摘要:中国步入行政法治社会,还需要经历一个较长的过程,因为法治理念的形成、实践模式的建构和实施都 不是短期所能完成的。但有形的具体制度建设是影响无形的观念形成的基础条件。中国行政法治制度建设适时回应了时代赋予的发展契机,打开了改革攻坚的一个新的突破口,使我们得以站在时代的高度不断创新和完善。
关键词:行政法治;理念;模式;制度建设
一、西方行政法治理念的社会变迁
行政法治最早发轫于西方发达资本主义国家,它的发展基本上和资本主义社会发展的历史阶段相吻合,并且迄今为止也以这些国家较为完备。西方曾经历了由农业社会、工业社会、信息社会和知识社会的变迁,并相应地出现了“传统警察行政”和现代福利行政,两相对比可以看出,行政法治理念与原则的演变。“传统警察行政”(夜警察国家)产生的背景是人民刚刚脱离专制国家的束缚,采取放任主义,重视自由权、生命权、财产权的保障。国家的主要任务是维护国家安全和社会稳定,行政功能很小,仅做公民无法独立完成或不愿意做的事项,所以有“管的最少的政府就是最好的政府”的理念。现代福利行政(福利国家)产生的背景是“夜警察国家”放任主义造成的社会经济秩序混乱和对自由平等的不完全保障,需要国家力量介入社会,以纠正社会的非正义现象。
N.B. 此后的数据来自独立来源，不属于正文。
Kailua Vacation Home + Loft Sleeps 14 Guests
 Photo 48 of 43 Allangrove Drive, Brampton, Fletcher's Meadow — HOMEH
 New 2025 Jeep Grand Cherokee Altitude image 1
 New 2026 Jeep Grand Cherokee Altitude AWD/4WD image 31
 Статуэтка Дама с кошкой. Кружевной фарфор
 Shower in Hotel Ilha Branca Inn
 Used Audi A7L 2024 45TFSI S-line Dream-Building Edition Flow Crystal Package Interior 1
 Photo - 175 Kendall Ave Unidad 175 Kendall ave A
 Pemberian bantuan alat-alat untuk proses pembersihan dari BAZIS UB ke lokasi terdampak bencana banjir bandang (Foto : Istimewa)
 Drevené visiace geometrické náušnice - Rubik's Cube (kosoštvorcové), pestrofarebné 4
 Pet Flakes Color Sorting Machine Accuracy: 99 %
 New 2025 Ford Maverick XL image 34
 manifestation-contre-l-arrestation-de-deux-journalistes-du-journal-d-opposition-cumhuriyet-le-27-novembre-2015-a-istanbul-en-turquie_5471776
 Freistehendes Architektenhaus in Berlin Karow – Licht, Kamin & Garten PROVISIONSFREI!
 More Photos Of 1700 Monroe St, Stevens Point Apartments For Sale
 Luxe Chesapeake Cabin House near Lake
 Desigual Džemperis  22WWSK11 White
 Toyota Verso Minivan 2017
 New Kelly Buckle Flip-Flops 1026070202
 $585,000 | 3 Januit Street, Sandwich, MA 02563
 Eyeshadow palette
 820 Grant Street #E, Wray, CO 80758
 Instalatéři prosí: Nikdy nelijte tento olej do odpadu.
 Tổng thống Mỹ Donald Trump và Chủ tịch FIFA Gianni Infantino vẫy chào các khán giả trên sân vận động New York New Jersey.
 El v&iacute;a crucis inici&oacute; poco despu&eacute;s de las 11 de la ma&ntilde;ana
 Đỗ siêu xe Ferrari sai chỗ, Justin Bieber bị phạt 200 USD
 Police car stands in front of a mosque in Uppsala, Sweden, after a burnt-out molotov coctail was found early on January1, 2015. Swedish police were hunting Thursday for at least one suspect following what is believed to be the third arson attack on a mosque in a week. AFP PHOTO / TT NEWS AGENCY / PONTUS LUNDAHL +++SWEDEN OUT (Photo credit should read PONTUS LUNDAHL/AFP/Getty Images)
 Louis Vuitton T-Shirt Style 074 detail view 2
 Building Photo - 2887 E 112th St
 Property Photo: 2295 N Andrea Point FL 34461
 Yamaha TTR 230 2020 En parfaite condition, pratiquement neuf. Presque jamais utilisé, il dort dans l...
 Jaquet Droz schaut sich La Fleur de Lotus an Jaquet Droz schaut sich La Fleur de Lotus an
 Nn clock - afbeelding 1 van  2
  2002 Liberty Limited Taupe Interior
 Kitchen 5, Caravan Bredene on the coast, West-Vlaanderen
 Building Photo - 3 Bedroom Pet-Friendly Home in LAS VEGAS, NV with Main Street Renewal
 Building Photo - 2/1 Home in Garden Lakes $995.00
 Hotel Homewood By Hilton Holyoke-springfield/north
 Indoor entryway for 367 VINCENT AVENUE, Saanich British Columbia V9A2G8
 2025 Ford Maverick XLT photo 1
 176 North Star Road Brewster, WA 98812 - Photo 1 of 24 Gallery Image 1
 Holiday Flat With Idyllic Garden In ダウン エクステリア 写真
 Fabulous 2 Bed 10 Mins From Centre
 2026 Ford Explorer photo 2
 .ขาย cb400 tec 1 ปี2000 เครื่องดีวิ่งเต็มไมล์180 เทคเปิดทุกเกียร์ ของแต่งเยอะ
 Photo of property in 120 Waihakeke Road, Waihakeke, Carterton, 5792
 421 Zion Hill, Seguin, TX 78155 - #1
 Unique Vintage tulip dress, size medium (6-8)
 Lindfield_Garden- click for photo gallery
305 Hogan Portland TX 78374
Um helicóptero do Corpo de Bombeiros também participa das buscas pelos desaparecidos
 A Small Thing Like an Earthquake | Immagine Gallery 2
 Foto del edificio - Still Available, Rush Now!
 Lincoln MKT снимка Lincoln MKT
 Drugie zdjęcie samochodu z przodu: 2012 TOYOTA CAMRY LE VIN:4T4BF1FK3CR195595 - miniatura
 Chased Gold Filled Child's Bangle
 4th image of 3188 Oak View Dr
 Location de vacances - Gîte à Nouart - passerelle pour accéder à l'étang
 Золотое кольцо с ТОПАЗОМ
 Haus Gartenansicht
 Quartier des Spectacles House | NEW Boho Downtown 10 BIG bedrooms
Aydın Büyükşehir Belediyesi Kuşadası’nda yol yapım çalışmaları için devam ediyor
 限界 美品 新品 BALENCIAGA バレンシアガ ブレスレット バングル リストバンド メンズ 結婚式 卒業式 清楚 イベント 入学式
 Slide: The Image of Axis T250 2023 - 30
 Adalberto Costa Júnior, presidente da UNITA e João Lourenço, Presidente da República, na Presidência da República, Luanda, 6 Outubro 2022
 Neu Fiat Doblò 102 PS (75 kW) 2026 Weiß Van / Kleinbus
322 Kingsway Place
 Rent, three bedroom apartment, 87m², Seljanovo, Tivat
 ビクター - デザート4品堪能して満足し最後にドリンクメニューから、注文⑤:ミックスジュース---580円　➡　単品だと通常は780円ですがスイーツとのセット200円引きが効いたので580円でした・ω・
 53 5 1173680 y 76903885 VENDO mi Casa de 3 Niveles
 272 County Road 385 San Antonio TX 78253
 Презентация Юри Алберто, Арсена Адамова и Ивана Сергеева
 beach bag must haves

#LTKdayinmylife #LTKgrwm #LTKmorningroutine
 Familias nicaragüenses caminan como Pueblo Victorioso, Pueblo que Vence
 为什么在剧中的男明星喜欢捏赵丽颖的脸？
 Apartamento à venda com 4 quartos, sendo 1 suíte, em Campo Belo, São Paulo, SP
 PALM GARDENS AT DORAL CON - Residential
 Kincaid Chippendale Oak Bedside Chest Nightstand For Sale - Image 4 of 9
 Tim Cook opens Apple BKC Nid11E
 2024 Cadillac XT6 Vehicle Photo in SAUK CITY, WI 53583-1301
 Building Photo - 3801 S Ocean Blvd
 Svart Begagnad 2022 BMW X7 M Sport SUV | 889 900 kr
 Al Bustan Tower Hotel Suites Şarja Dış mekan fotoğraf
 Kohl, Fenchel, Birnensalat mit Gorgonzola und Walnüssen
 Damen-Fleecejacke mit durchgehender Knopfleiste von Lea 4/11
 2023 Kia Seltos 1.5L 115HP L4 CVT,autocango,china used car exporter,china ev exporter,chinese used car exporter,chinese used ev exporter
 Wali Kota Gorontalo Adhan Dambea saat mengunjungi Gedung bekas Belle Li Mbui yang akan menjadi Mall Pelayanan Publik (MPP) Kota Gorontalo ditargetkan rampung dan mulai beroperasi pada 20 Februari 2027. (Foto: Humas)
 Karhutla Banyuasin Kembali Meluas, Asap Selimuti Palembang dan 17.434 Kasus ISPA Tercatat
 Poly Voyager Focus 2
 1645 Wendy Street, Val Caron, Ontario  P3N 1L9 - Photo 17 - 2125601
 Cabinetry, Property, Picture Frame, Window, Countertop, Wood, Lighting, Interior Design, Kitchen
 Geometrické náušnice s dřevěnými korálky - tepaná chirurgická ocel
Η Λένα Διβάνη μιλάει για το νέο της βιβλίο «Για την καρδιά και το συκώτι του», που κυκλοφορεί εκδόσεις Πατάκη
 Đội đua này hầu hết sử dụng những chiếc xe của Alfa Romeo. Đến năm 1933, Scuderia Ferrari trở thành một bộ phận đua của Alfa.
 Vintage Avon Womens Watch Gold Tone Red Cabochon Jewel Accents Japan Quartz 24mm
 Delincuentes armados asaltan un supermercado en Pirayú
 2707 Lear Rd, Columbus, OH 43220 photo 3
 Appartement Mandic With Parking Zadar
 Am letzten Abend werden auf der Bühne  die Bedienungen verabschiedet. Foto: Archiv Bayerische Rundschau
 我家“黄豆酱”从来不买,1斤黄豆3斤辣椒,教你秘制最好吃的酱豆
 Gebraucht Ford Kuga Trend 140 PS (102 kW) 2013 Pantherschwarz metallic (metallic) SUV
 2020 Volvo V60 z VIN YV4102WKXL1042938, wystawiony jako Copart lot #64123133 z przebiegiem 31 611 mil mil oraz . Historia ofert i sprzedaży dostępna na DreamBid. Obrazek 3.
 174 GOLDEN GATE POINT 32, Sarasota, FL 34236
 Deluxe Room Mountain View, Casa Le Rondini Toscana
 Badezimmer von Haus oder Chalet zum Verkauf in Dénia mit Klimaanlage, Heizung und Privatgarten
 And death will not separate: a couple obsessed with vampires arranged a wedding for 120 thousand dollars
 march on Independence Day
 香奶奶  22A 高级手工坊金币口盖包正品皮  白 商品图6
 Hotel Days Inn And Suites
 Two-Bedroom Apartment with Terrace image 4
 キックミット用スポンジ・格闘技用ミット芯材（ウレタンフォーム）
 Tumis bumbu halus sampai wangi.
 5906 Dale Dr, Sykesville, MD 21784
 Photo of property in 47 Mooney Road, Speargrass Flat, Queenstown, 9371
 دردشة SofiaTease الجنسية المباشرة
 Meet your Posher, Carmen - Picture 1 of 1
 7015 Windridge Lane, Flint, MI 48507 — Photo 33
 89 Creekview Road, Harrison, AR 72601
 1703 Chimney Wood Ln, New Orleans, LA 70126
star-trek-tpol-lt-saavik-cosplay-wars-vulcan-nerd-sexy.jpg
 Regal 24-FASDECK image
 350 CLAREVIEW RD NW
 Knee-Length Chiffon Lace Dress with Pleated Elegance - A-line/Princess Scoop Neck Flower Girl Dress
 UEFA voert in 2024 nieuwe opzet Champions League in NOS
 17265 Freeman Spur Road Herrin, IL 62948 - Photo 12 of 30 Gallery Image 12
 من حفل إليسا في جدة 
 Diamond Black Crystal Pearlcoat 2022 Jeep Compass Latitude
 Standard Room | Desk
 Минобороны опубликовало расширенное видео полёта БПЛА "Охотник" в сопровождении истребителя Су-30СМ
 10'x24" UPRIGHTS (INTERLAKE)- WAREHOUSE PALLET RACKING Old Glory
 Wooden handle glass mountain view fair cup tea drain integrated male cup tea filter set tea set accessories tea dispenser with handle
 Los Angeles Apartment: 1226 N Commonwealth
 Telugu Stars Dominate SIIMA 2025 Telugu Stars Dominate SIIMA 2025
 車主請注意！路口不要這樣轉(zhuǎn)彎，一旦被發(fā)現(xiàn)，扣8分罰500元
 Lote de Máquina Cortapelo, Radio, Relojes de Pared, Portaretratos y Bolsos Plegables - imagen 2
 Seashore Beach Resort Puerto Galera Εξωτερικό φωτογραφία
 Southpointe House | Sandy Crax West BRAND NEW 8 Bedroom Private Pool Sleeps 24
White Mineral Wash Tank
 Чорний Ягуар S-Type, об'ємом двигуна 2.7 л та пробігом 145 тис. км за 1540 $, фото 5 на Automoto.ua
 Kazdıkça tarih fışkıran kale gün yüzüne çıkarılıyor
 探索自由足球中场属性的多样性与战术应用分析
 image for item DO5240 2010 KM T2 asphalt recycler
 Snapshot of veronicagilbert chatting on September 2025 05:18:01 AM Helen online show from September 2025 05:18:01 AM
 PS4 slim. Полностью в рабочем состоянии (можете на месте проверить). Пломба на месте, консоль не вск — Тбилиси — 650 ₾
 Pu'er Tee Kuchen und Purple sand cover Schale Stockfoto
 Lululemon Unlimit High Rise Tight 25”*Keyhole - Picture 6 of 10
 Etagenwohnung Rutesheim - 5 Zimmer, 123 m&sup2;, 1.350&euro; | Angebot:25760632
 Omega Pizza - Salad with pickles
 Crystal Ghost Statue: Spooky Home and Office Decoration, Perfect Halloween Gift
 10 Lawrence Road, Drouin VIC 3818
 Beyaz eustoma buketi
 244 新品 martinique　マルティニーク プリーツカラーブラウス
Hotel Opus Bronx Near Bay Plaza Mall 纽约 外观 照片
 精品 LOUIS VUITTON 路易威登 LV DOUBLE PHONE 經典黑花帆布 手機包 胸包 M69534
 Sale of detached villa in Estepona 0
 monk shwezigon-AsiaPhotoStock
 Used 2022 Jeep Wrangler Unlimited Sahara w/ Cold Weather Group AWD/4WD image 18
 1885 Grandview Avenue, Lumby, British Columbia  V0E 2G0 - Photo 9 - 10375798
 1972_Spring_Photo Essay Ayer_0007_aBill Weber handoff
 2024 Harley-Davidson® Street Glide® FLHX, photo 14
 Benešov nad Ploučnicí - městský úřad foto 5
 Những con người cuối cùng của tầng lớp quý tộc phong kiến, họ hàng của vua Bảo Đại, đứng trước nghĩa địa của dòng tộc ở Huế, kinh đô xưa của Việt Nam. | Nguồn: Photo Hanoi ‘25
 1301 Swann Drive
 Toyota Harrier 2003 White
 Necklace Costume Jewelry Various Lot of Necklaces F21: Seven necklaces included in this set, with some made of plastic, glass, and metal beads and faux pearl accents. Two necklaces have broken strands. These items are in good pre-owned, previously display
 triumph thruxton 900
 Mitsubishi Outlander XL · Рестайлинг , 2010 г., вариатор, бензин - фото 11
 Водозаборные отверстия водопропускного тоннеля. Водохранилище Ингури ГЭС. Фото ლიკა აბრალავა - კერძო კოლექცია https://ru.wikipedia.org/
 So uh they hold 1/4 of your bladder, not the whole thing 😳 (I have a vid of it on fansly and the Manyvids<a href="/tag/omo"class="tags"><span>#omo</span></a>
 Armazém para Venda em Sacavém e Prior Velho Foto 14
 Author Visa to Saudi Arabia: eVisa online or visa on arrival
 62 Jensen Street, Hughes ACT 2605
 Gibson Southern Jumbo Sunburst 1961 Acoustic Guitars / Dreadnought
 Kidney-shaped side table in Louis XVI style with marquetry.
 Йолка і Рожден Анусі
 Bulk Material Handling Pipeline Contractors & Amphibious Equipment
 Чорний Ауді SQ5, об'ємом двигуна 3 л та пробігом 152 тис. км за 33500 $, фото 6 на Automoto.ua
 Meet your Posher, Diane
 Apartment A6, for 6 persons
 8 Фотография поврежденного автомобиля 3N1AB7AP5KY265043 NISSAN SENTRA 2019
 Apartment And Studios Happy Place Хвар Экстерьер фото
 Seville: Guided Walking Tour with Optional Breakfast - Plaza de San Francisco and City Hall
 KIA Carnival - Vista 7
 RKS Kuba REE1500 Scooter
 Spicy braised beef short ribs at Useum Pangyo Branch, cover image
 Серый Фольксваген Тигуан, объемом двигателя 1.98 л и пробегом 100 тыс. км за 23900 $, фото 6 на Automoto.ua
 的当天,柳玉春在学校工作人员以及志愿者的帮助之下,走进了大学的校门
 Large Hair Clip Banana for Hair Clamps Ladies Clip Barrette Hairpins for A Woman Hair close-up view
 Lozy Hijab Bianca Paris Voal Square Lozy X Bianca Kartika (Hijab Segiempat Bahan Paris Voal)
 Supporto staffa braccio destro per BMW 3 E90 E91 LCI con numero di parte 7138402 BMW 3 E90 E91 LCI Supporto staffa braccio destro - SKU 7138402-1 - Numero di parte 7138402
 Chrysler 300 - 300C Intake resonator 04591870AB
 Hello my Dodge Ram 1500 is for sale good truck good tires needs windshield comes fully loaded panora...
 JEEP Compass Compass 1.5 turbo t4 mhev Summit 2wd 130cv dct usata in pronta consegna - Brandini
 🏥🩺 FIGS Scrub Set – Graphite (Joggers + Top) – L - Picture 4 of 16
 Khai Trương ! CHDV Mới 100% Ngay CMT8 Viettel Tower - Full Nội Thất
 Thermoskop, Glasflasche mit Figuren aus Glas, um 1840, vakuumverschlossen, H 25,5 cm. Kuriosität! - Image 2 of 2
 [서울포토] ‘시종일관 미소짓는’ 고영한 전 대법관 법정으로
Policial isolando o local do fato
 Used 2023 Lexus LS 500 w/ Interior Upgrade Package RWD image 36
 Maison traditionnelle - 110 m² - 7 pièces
国家的主要任务是经济宏观调控和制度设置,为经济和社会发展提供各种服务,因而有“最好政府,最多服务”的服务行政理念。前者强调的只是政府形式上遵守法律,行政被严格的限制在法律规定的范围内,对法律本身的价值判断及行政的能动性却没有给予应有的重视,所以只是形式主义的行政法治;后者不仅强调依照法律制约行政,同时也给予行政以较大的自由裁量权,包括赋予行政立法权,鼓励行政创新等,更注重法的一般精神和原则,使现代行政更好地适应日新月异的社会发展变化,因而是实质主义行政法治。可以看出,西方近代形式法治发展到现代实质法治,控制权力始终是一个不变的主题,只是控制方式发生了深刻的变化。以此参照我国社会转型期公共政策中“越位”与“缺位”并存的现象,行政中还存在的机械执行现象及行使自由裁量权又往往缺乏相应制度规范的现象,都显示出规范的具体制度建设对我国当代行政法治现代化的重要意义。
二、法治理念本土化冲突探源
古往今来对法治的描述有很多,最早明确提出法治概念并给予具体阐述的是古希腊学者亚里士多德,他描述的法治理想化状态是:已制定的法律获得普遍的服从,大家所服从的法律本身是制定的良好的法津①。用今天的话说,亚里士多德的法治观包含三个要件:有法可依;可依之法为良法;法被普遍遵循。法治作为人类思想史中最古老的理念之一,被反复地作为人类在面对现实或想象的社会生活难题时的“良药”。中国现代化进程中的精英人士正是认识到民主与法治作为经济发展的上层建筑,是社会发展的必然趋势,因而把它作为一种理想的观念来追求,以符合世界潮流的制度来移植推广,期望以此改造落后的社会现实。在本土化过程中,法治有时也被看作是解决中国许多问题的“灵丹妙药”,认为它会创造更大的可预测性和透明度,可以降低个人权利受政府权力所左右的变数,可以遏止权力腐败。然而,在实践中,我们又无法摆脱传统文化意识观念对现代法治建设的束缚与影响,因而导致了理性认识与实际状况的矛盾冲突。一方面,人民当家作主的国家本质和社会主义市场经济体制,要求政府行使行政权力必须依法,政府的公共活动必须符合人民的利益和要求;另一方面,正如邓小平同志所指出的:在我国“当前也还有一些干部,不把自己看作是人民的公仆,而把自己看作是人民的主人,搞特权、特殊化……。”②这种特权的突出特征就是在处理法律与权力的相互关系时,不是法律支配权力,而是权力支配法律,把权力凌驾于体现广大人民意志和利益的法律之上。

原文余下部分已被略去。